第13話 <修行編>2作目は、裁判のアニメを作ってみた

 次に作ったのは、裁判のアニメだった。


 なぜ、そんなものを作ったかというと、たまたま私が見慣れていたものだったからだ。私は、「裁判傍聴記」の連載を何年か書いていたことがあった。裁判所には百回以上行ったことがあるし、裁判の手順も見慣れていた。


 そこで、その知識をいかして、子ども向けの教育アニメのようなものを作ることにしてみたのだった。Eテレでよく放映されているようなイメージの動画だ。


 裁判といえば、『逆転裁判』が有名だけど、あれはゲームだし、実際の裁判とはずいぶん違っている。私は、実際の「裁判員裁判」を何度もみていたから、本物と同じような内容なら、シナリオなどがなくても作れるだろう。


 そこで、裁判所の法廷をつくり、4頭身ほどのシンプルなキャラクターをいくつも作って、短いアニメーションを作ることにした。


 「裁判員裁判」には、たくさんのキャラクターが必要だ。

 裁判官3人、裁判員6人、補充裁判員2人、書記官1人、弁護士2人、検察官2人、被告人1人……。


 「裁判長は、やっぱ、中年くらいの男性がいいかな。残りの2人の裁判官は、どうしよう。30代くらいの女性と20代くらいの男性の2人とかでいいかなあ。

 あとは検察官2人か。わりと女性の検察官も多いから、女性をメインにして、あと一人は若い男性の検察官にしておこう。弁護士は、年配の男性と若い女性のペアで、やっぱ、書記官は女性がいいかな。じゃあ、被告人は中年の男性にしておこう。傍聴席にも何人か座らせないと……」


 たくさんのキャラクターを用意するのは大変だったが、それぞれ別の個性をつけたキャラクターだから、わりと楽しかった。顔や体格も違うし、年齢や性別も違う。そんなキャラクターを何人もつくっていった。

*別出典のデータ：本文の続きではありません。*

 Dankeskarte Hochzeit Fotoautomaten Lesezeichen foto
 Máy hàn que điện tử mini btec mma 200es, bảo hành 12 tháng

 CGアニメなので、CGで法廷のセットをつくり、そこにCGのキャラクターを置いて、それからライトを配置して、カメラの位置を決め、撮影をしていくわけである。


 裁判長に口の動きをつけたり、被告人を証言台まで歩かせたり、検察官に起訴状の朗読をさせたり。そんなに派手なアクションはないのだが、カメラを動かして、アップにしたり、カメラアングルを工夫してみると、それなりに面白い映像になった。どのみち、わずか数十秒のアニメーションだが、映像編集ソフト(Premier Pro)をつかって、エフェクトや字幕もつけてみた。

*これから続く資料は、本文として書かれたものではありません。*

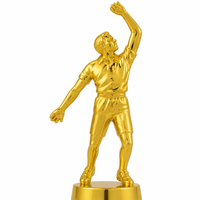 Nouveau Trophée de Volleyball en Plastique Doré de 20,5 cm 2026 avec Logo Personnalisé, Récompense MVP du Tournoi et du Championnat, Base Noire et Rouge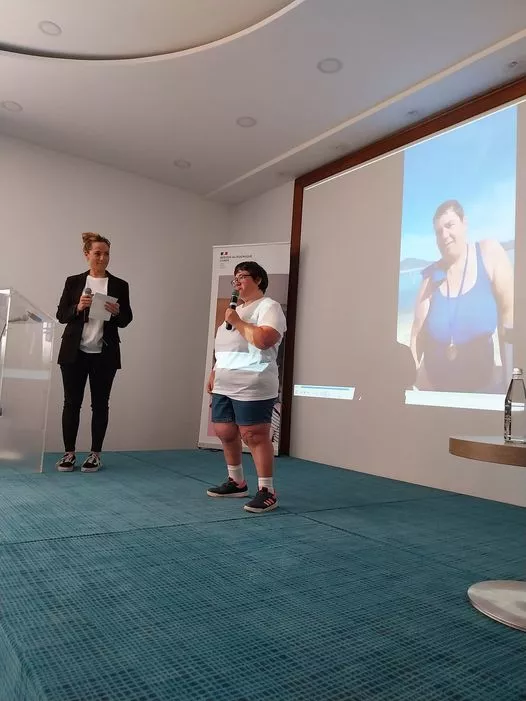 AGORA - 23 mai -Ajaccio -  Le témoignage d ' Emilie Labbe, nageuse #handisport 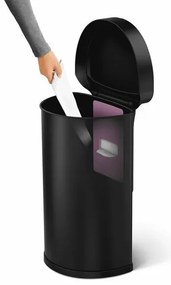 Simplehuman Półokrągły kosz bezdotykowy 45 l,czarny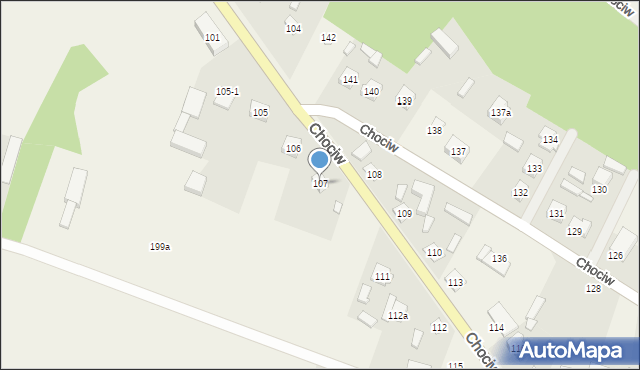 Chociw, Chociw, 107, mapa Chociw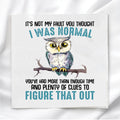 Funny Owl Humor Fabric Panel Quilt Block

 それから映像を、ノートパソコンで知り合いの弁護士たちにも見てもらった。

 教室以外で、自分の作品を見てもらう機会は初めてだった。


「まだこれっぽちしか、出来てないんですけど」 

「へえ、裁判? これって、法廷も全部、作ったの?」

「ええ。これを見て、もし気づいたところがあったら、教えてください。間違っていたら、修正しますから」

「ふーん。人数も合ってるし、とくに変なところはないけど……。裁判員の年齢や性別も色々で、個性的なところはいいね。そういや、法廷の壁の色はもう少し白っぽい方がいいかな。それから弁護士が2人ともバッチをつけてない」

「弁護士バッチ? あ、そっか。そういや検察官もバッチをつけてないや」


 コツコツ作品を作ることも大事だが、人から意見を聞くことも大事だな。ヘタな作品でも、誰かに見てもらった方が早くうまくなる。


 そろそろ他のプロの人たちとも話をしてみたいなあ。


 そう思っていた頃、東京ビックサイトで3日間『CG展』が開かれることを知った。

 業界向けの展示会だから、いろんな企業の出展もあるし、セミナーもたくさんある。これならCG業界の最先端の話が聞けるに違いない。


 これは、ぜひ行かねば。


 訓練を3日休むことになるけど、夜行バスで行って、ハッカー息子のマンションに泊まらせてもらえば、そんなに費用はかからないだろう……。